## EXERCISE AIM
Go through the entries below and collect each line with the string "Foto" in it.
** EXTRACTED DATA follows **
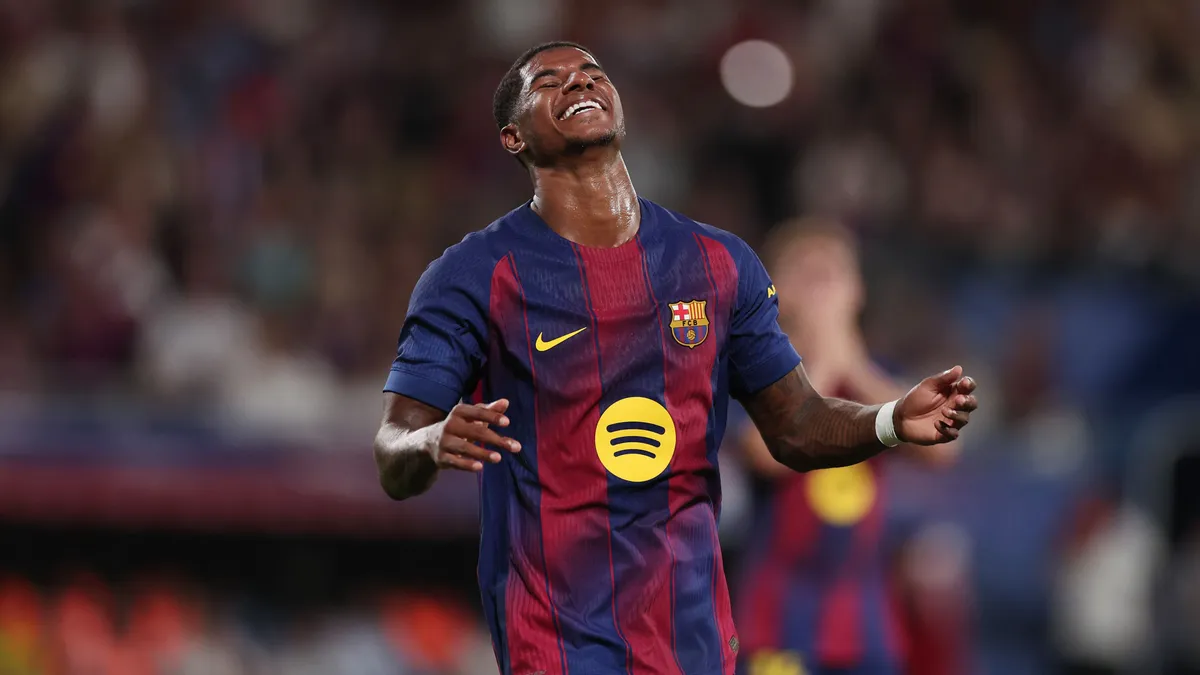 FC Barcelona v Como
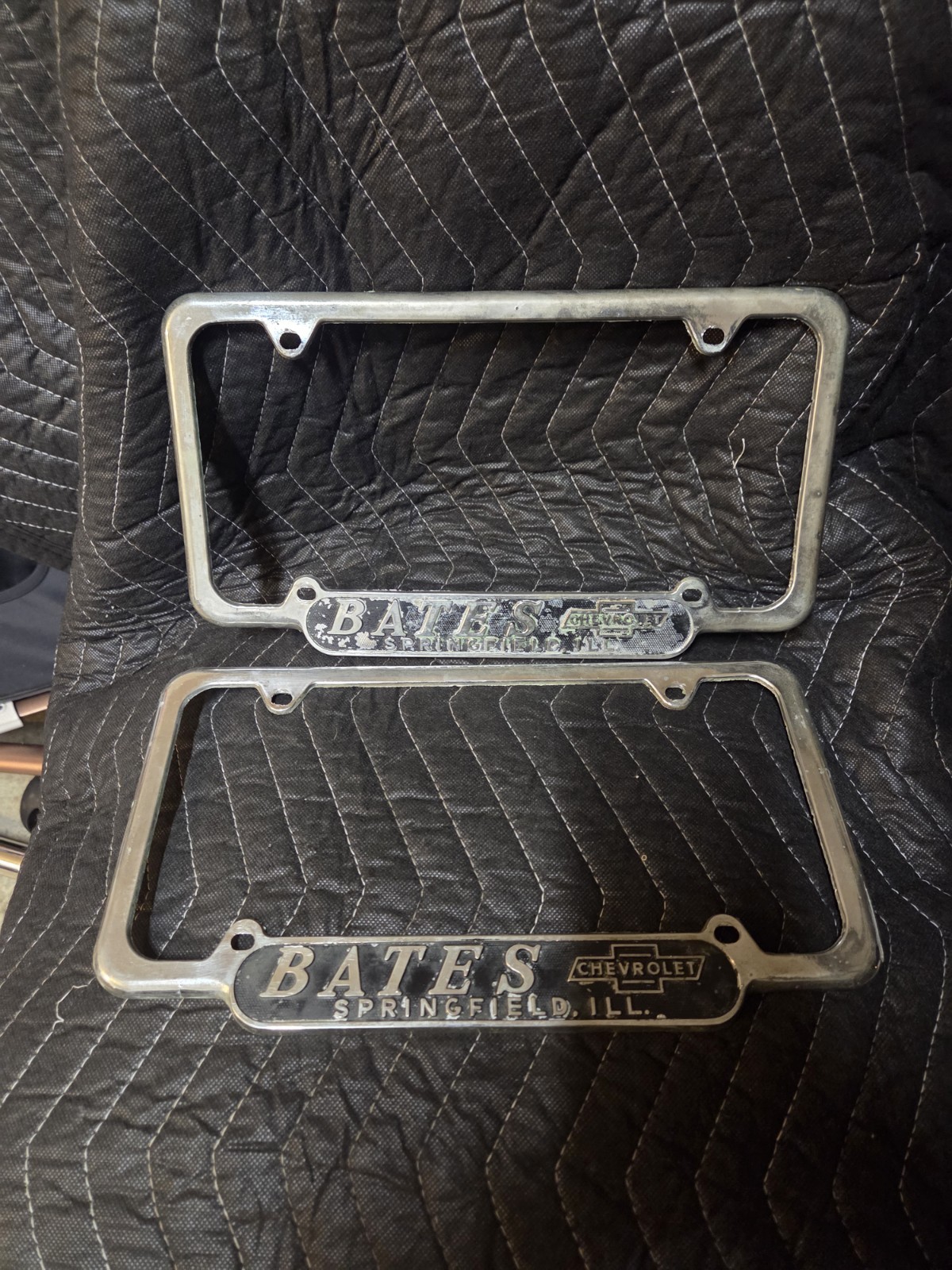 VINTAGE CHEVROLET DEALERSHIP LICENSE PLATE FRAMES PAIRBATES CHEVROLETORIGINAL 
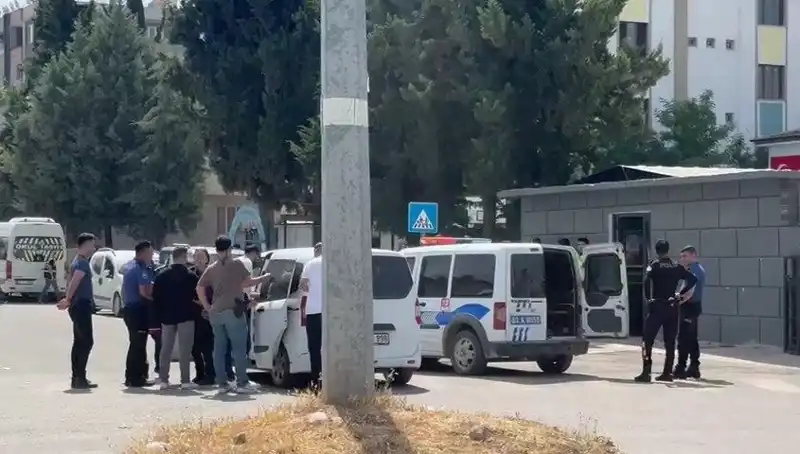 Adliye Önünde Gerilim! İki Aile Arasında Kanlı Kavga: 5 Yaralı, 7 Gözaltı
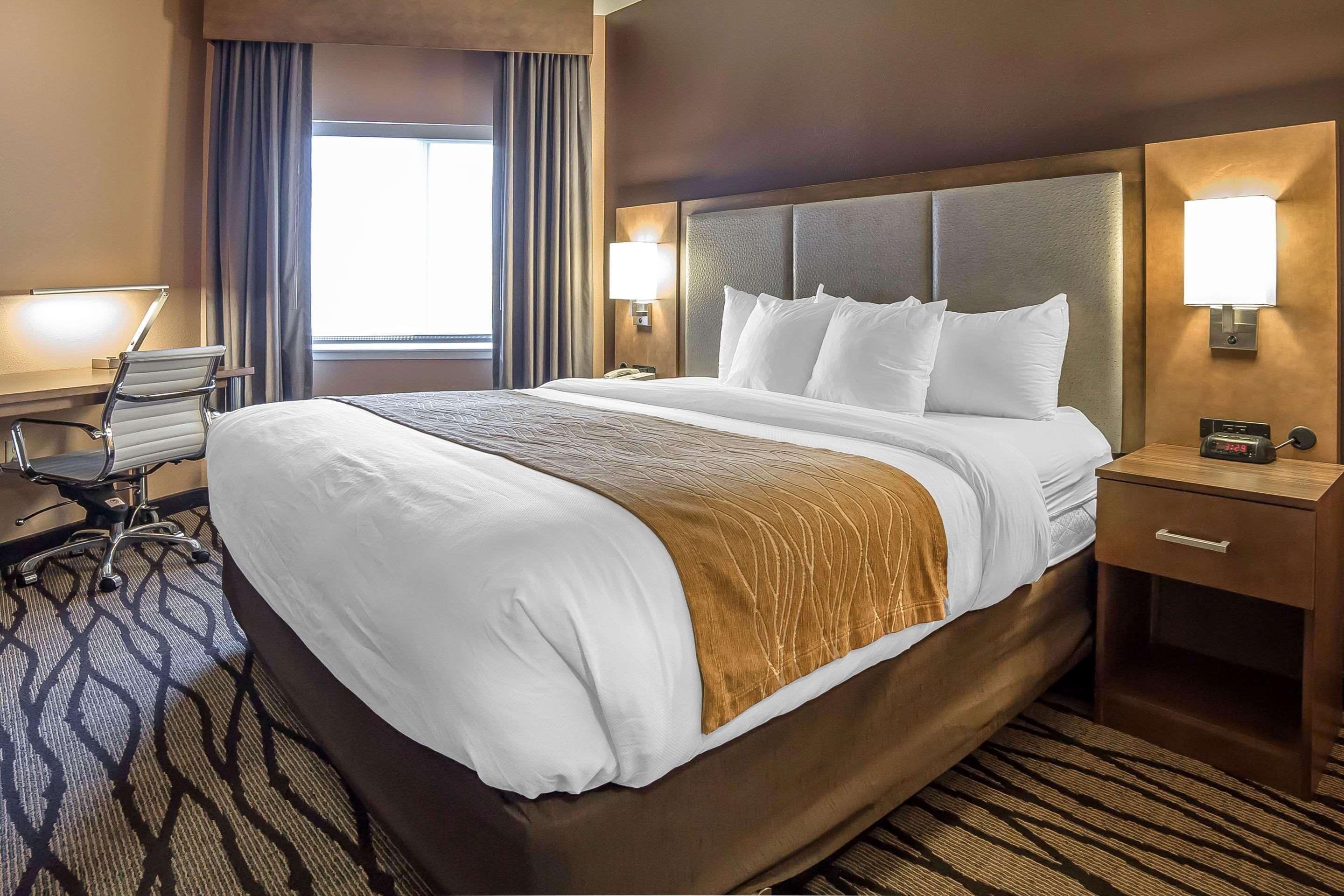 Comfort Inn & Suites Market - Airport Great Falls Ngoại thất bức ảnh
** End of EXTRACTED DATA **
** EXTRACTED DATA follows **
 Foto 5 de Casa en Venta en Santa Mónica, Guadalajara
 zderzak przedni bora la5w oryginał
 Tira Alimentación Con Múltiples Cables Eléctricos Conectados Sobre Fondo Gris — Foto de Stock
** End of EXTRACTED DATA **
## TASK OUTPUT
 Foto 5 de Casa en Venta en Santa Mónica, Guadalajara
 Tira Alimentación Con Múltiples Cables Eléctricos Conectados Sobre Fondo Gris — Foto de Stock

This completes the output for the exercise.